And I then set up my first film for Brian, which was the one in Kurdistan, the Dervishes film. And we each were sort of allocated a director to work to initially, so I worked with Brian to do the Kurdish film. Chris then worked with Melissa, and she set up her first Masai film, which Chris directed. That was his first film there. And Angela worked with Charlie Nairn, who directed one in Kataragama, in Sri Lanka. They were the first three that we did as that unit.

Obviously, you were employed as an anthropologist, did you get any training though in order to help you translate your subject matter into what would make a good film? Did anybody kind of give you that guidance? 
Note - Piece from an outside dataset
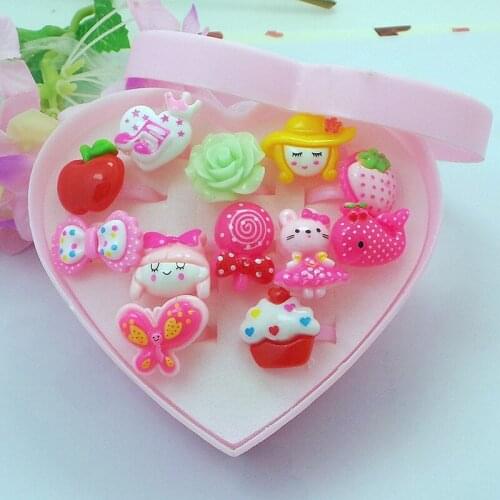 ISINYEE Cute 12PC/set Mix Flower Heart Animal Cartoon Rings For Baby Kids Girl Childrens With Display Box Best Friend Gifts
No, not initially. Initially, the whole sort of ethos of the series was that we would, or Melissa and I, and Angela at that time, would pop off to the field. I mean it was a wonderful period because we had the luxury of time, which, of course, evaporated really later on. So we would go off for weeks on end and set up a film without really knowing what it needed as a filmmaker, and then the film team would come along and we would join the film team, and we would liaise while filming. And filming then, probably about five or six weeks at a time, we would have for the film period. And then we would go back and we would help the director in the edit, translating, sorting things out, etc., interpreting, whatever. And so that whole period, we’re probably talking about two, three, four, five, almost up to six months a film. 

So, the first films that I did, first with Brian, then I did one with Leslie on the Mursi, and then I did one with Charlie Nairn up in Afghanistan, they were the first three. 

Andre Singer describes his director’s training

I then got frustrated and said, “I really want to make these myself.” You know, I’ve now learnt enough about what it takes to want to make these kinds of films rather than just keep feeding another director each time. And unlike Chris, who went straight into directing because he had done current affairs and a little bit of World in Action and so on, I applied for the directors’ training course at Granada. And that must have been in ‘75, ‘76, something like that. 

And I was interviewed then up in Manchester by Denis Forman and another panel. I can’t remember who else was on the panel. I think Leslie was one of the panel as well, but certainly Denis Forman. And it’s stuck in my mind ever since, because his leading question to me was, “Andre, why, because you’re an anthropologist, do you think that will enable you to be a filmmaker?” And not usually being very fast with the repartee, that was the one answer that I came up with, basically, I suppose, because I really believed it, which worked, which was, “Why do you think because I’m an anthropologist, I wouldn’t make a filmmaker?” And he had no answer to that. 

And it was quite good because we had such a really good relationship with Denis. He was fantastically supportive from day one, and always was Brian’s backer. And he’s the one that gave Charlie Nairn the chance to move from drama into that kind of world as well. And he gave Leslie his break, and so on. I mean, Denis was a phenomenon, I thought. In fact, I did one of the very last interviews with him before he died, which was very nice. 

So, I went on the training course. So, I stepped out of Disappearing World for two years, and that’s when I moved to Manchester. So, I then worked on local programmes, I worked on What the Papers Say. I even did a stint on Coronation Street. Most of it was filmmaking for local programmes. 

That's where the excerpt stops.